Review and change other parameters if needed.
Run terragrunt plan and terragrunt apply after review.

➜  growth-iac git:(master) cd terraform/configs/prod/aerospike-userdata/us-east1
➜  us-east1 git:(master) ls
inventory.yml  terragrunt.hcl
➜  us-east1 git:(master) terragrunt plan --terragrunt-source-update
...
➜  us-east1 git:(master) terragrunt apply
  1. Update the terragrunt Cloud DNS code for new cluster IPs or create a new set of records for each node.
    Change the name of the cluster from 01 to 02 for example:
          records = [
            dependency.aerospike-userdata.outputs.instances_ip.vm-aerospike-growth-userdata-prod-useast1-02-0,
          ]...

Info

If you create a new set of records, change the field host for each node as well!!!

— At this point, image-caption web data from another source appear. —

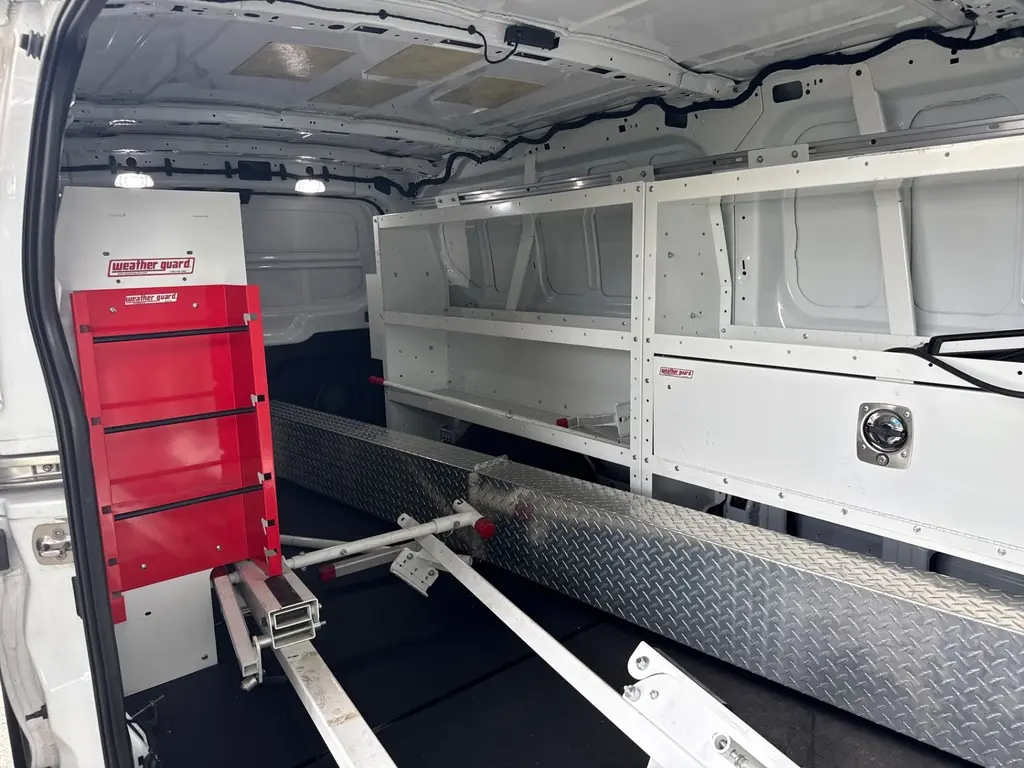 Florida Fine Cars - Used FORD E-TRANSIT 2022 WEST PALM 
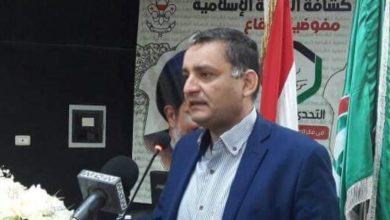 الفوعاني يؤكد على ضرورة حفظ المقاومة والعيش الواحد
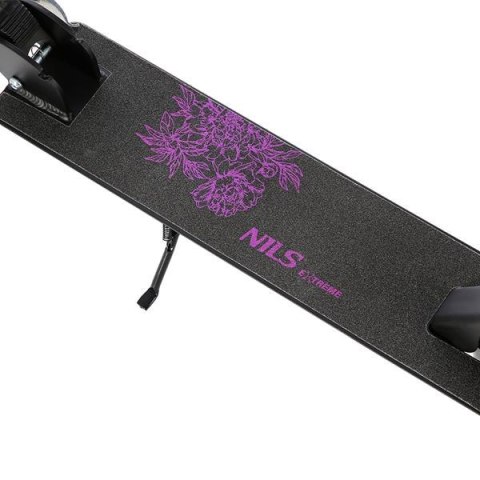HM603 PINK HULAJNOGA NILS EXTREME NILS EXTREME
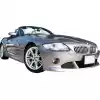 ModeloDrive FRP AERO Front Bumper > BMW Z4 E85 2003-2005 - Image 21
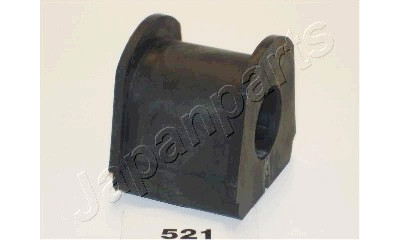 Coussinet de palier, stabilisateur
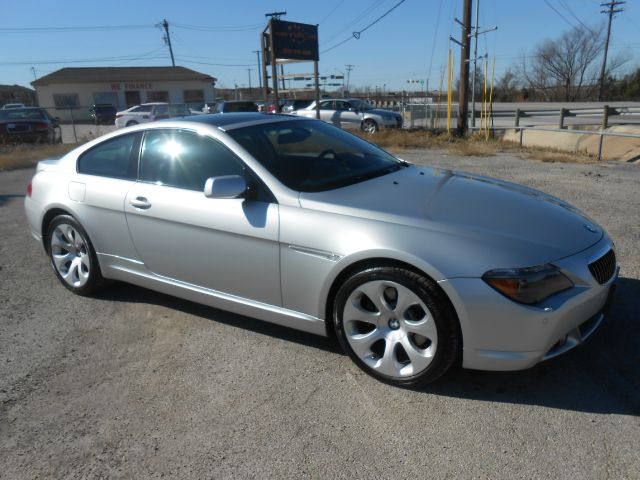 2006 BMW 6 series Harley-davidson Crew Cab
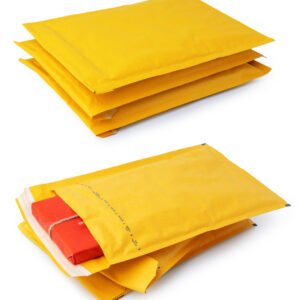 Courier Plastic Bags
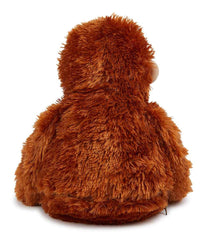 Mumbles Zippie Orangutan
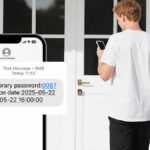 welock pcb41 smart lock | temporary password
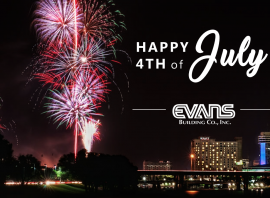 Happy 4th of July!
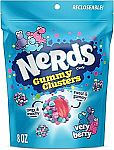 8-Oz Nerds Gummy Clusters $2.80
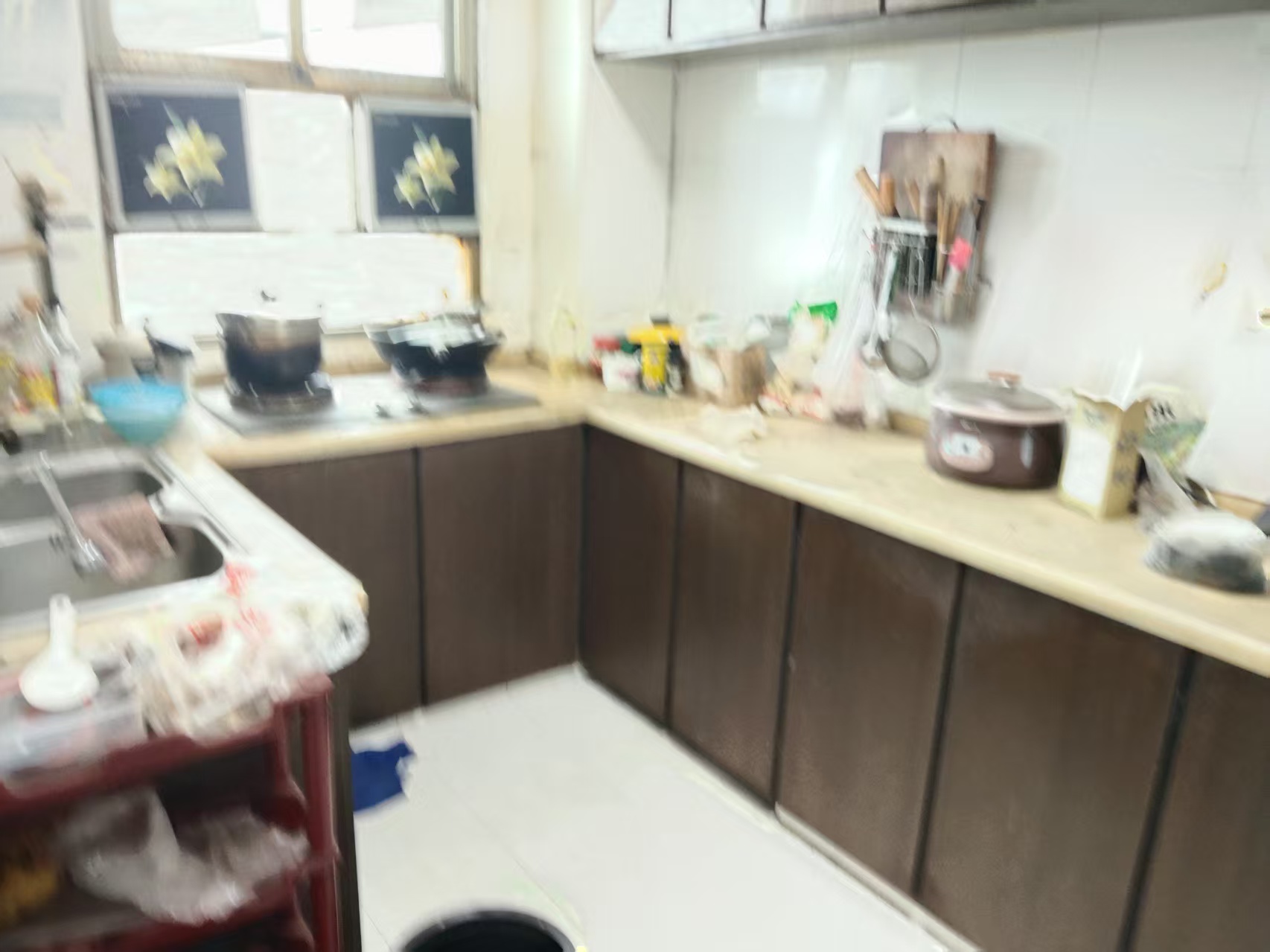 全丰小区  3室2厅2卫   38.80万室内图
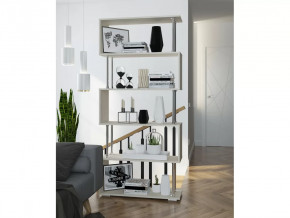 Стеллаж №1 Стендмебель в Пангоды - pangody.mebel-tymen.ru | фото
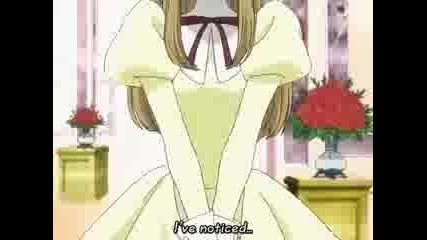 Ouran High School Host Club Ep. 4 Part 3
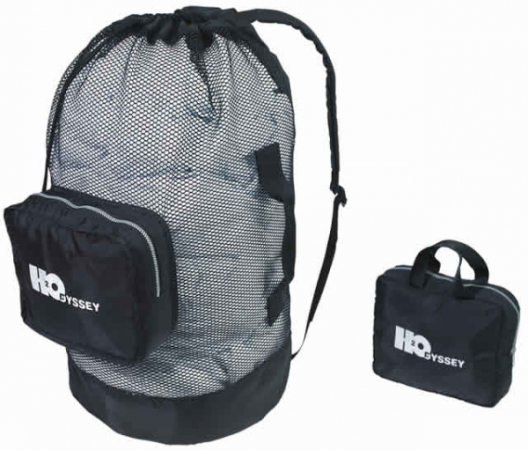 Сумки рюкзаки сетчатые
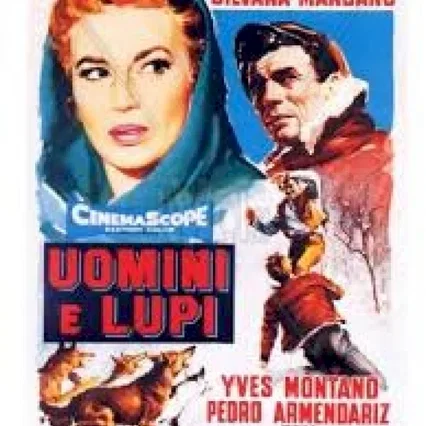 Miniature photo du film : Hommes et loups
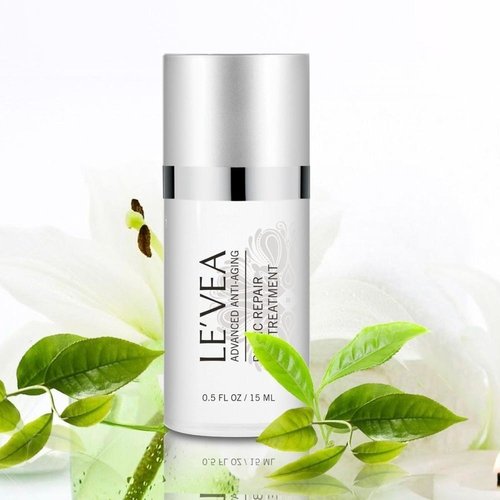 Advanced Biotic Repair Eye Treatment for Radiant Visionβ β
- Image 2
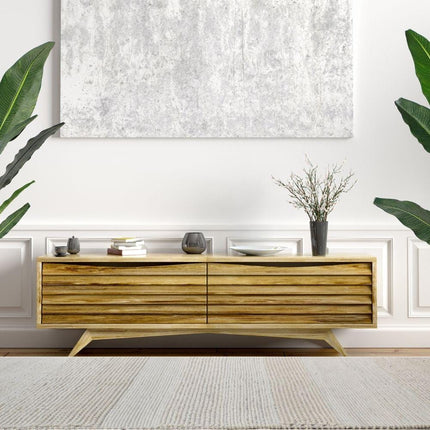 Vale Woven Wool 6X9 Rug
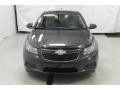 Tungsten Metallic - Cruze LS Photo No. 2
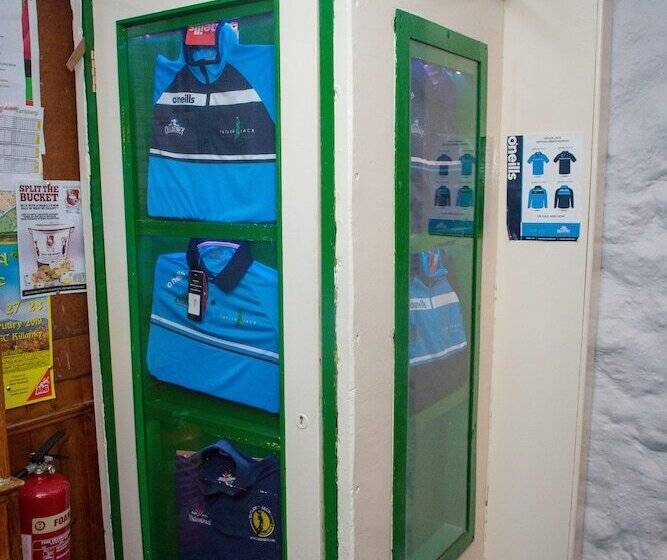 צימר Tatler Jack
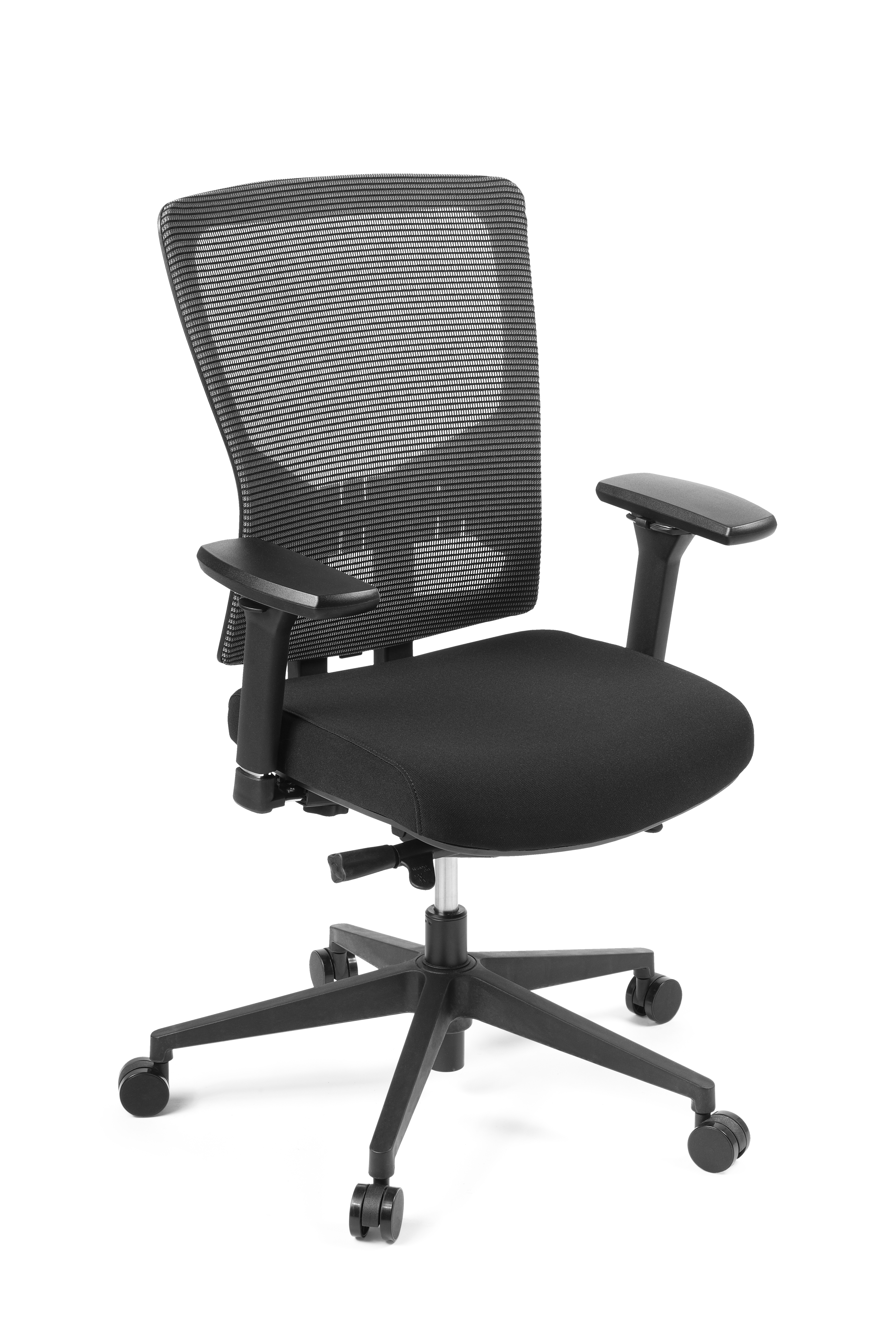 Volledig verstelbare bureaustoel Bureaustoel PC-B05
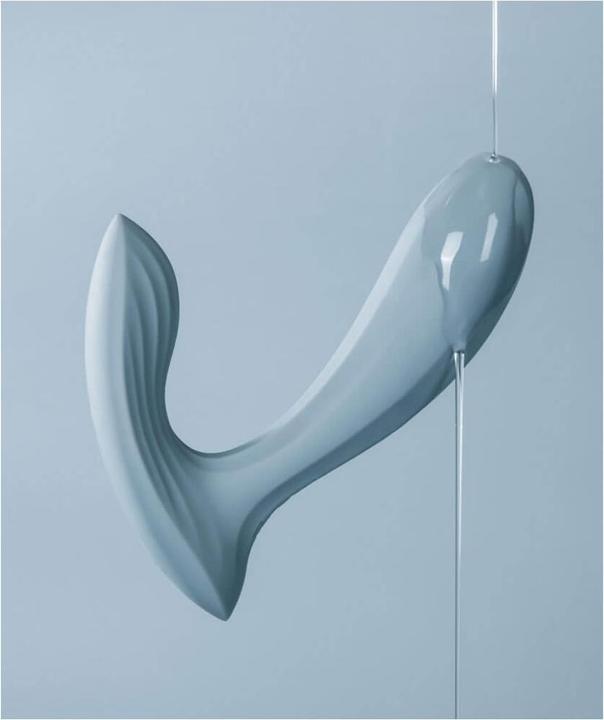 Actual product image Svakom Erica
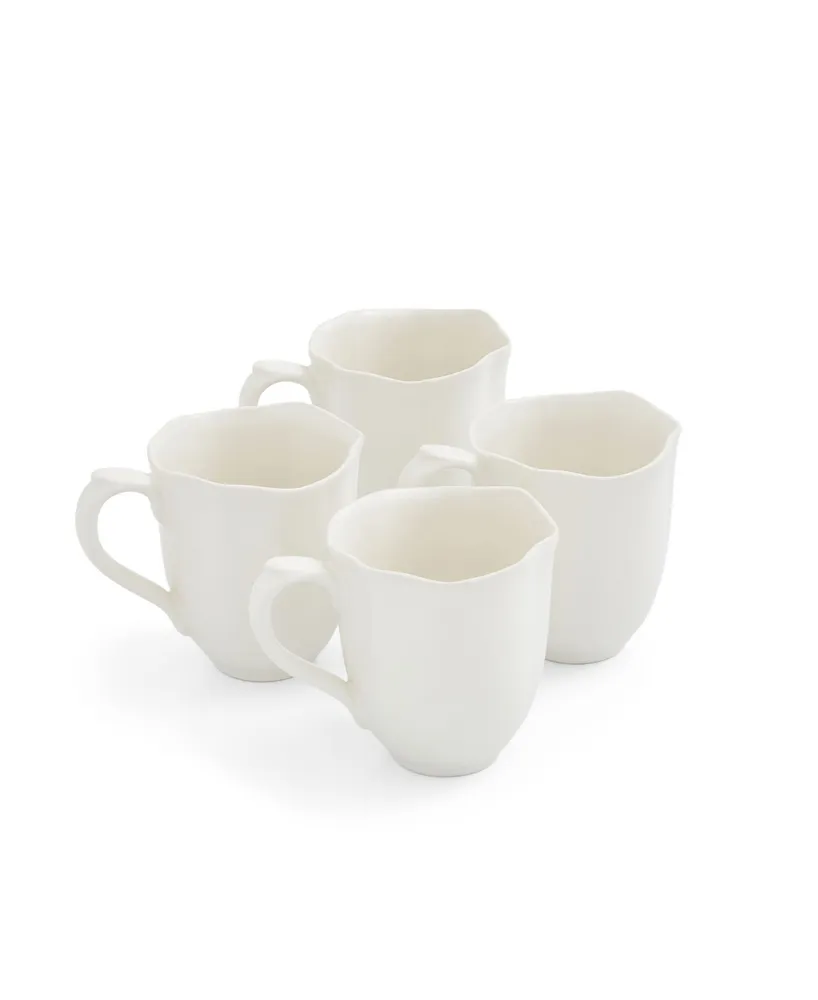 Sophie Conran Floret Mug, Set of 4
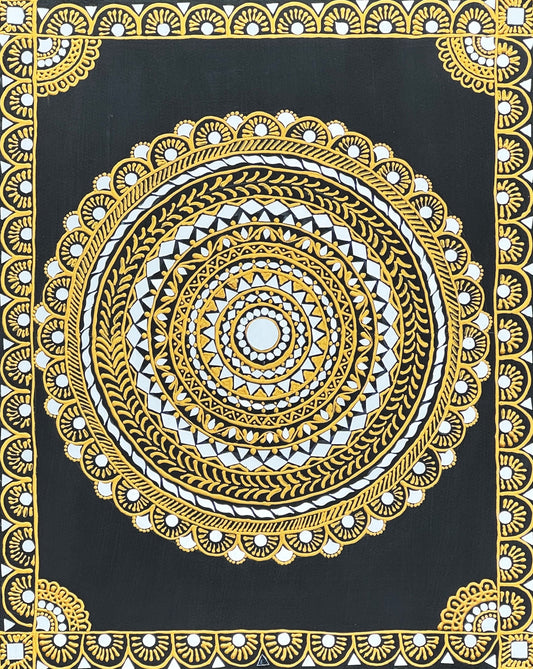 The Ornate Circle - Primary Image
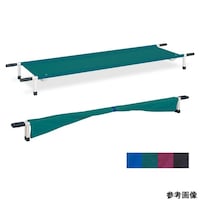 高田ベッド スチールSD担架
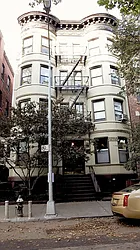 Sold by Engel and Volkers Brownstone Brooklyn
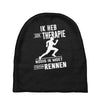 rennen Baby Beanies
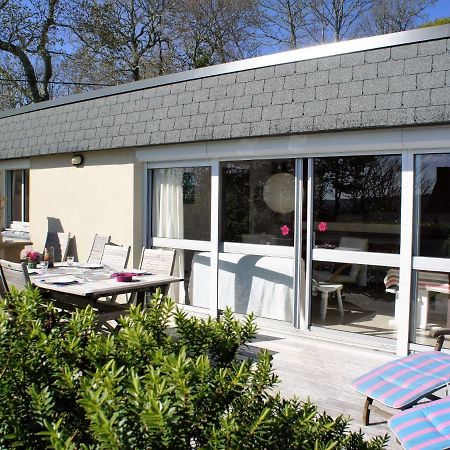 Holiday Home Gevanac By Interhome Crozon Extérieur photo
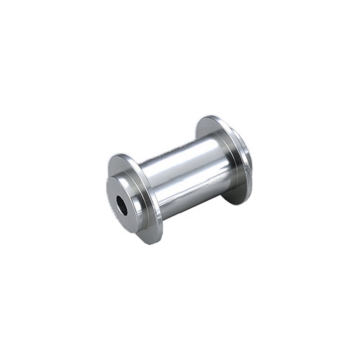 The Advantages of CNC Precision Turned Part Aluminum Bearing Rollers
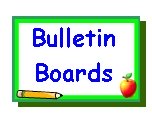 Go to Grammar Bulletin Board Displays Page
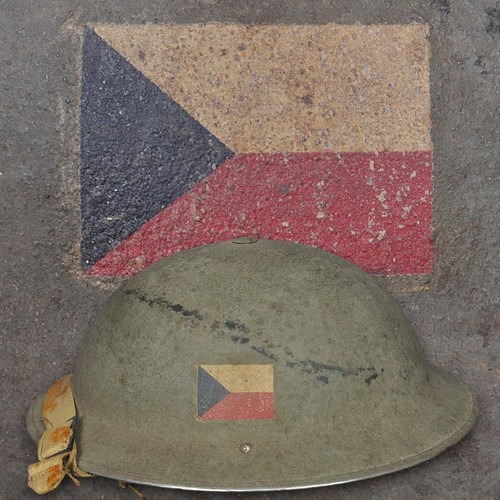 Ww2 free czech - czech, army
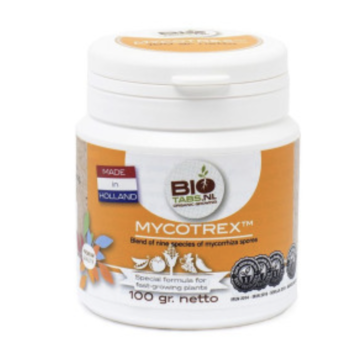 BioTabs BioTabs Mycotrex 100g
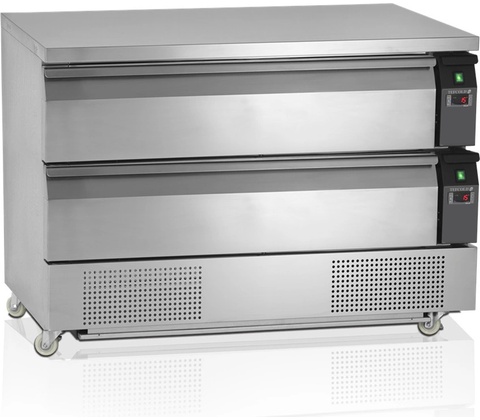 Tefcold UD2-3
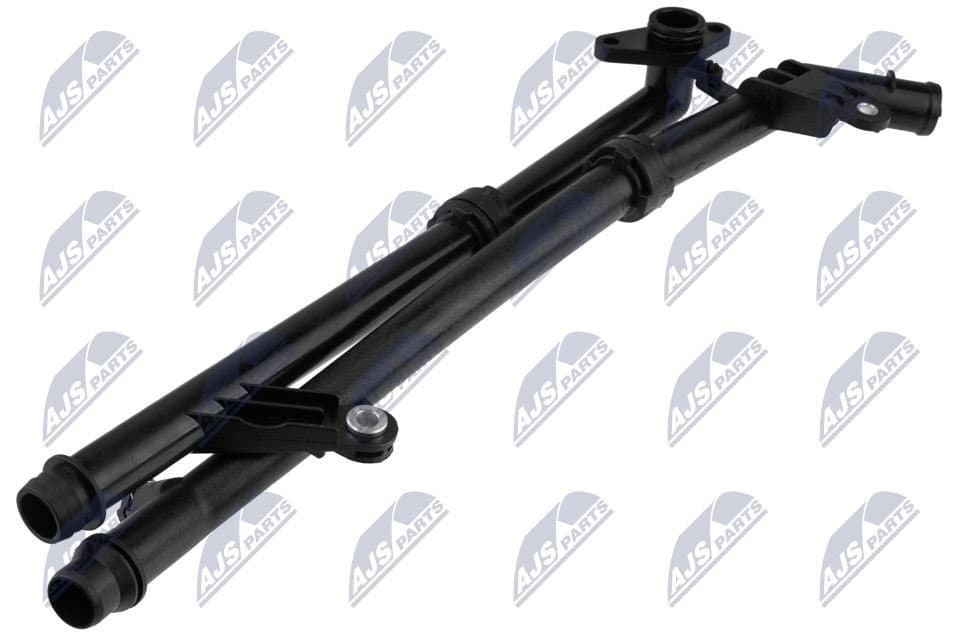 Tubo de refrigerante · NTY Autoteile GmbH · CPP-ME-040 · 2712002652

If you need metrics scraping Prometheus configuration also needs to be updated. 3. Modify and run Ansible code
Change the name of the cluster in the Ansible vars file or create and source a new vars file.
Update inventory file with new DNS records.
Use the created by terraform new ansible inventory.yml file and run Production playbook

Info

Install tar of gnu compatibility on macos: brew install gnu-tar

ansible-playbook -v -i ../terraform/configs/prod/aerospike-userdata/us-east1/inventory.yml \
playbook-vm-aerospike-growth-userdata-prod-useast1-01.yml --private-key /Users/andriyshamray/.ssh/google_compute_engine
  1. Get lists of disk Snapshots

Use gcloudcommand to generate a full list of snapshots sorted by source disk and grep timestamp(specify latest available date):

gcloud compute snapshots list --project agp-growth-prod-d1 --filter="sourceDisk~vm-aerospike-growth-userdata-prod-useast1-01" --sort-by=SRC_DISK | grep 2024060919581 | awk '{print $1}'

or list latest one:

gcloud compute snapshots list --project agp-growth-prod-d1 --filter="sourceDisk~vm-aerospike-growth-userdata-prod-useast1-01" --sort-by=SRC_DISK,~creationTimestamp|uniq -f2|cut -d ' ' -f1
  1. Add snapshots and run Terragrunt
    Shutdown VMs for newly created cluster from Google console or using gcloud
gcloud compute instances stop VM_NAME \
    --project=PROJECT_ID \
    --zone=ZONE

Update terragrunt.hcl file with 2 new variables snapshot_names_enabled and snapshot_names:

snapshot_names_enabled = true
...attached_disks_parameters = [
         {
          ...
          snapshot_names = [
                 "vm-aerospike-bkp-gr-us-east1-b-20240609195810-jifl2tfu",
                 "vm-aerospike-bkp-gr-us-east1-b-20240609195810-5w4822r1",
                  ...
                 "vm-aerospike-bkp-gr-us-east1-d-20240609195810-gd8l5171"
            ]
}
]

Run terragrunt apply two times! The first run will create disks and 2nd will attach each disks to the needed node. 6. Updated Firewall rule to allow new cluster internal code communication - firewall 7. Start a cluster and validate its health.
Start VMs from console or using gcloud cli:

gcloud compute instances start VM_NAME \
    --project=PROJECT_ID \
    --zone=ZONE

Connect via ssh to one of VM and validate cluster startup. Could take ~30 min for service up, depending on cluster size.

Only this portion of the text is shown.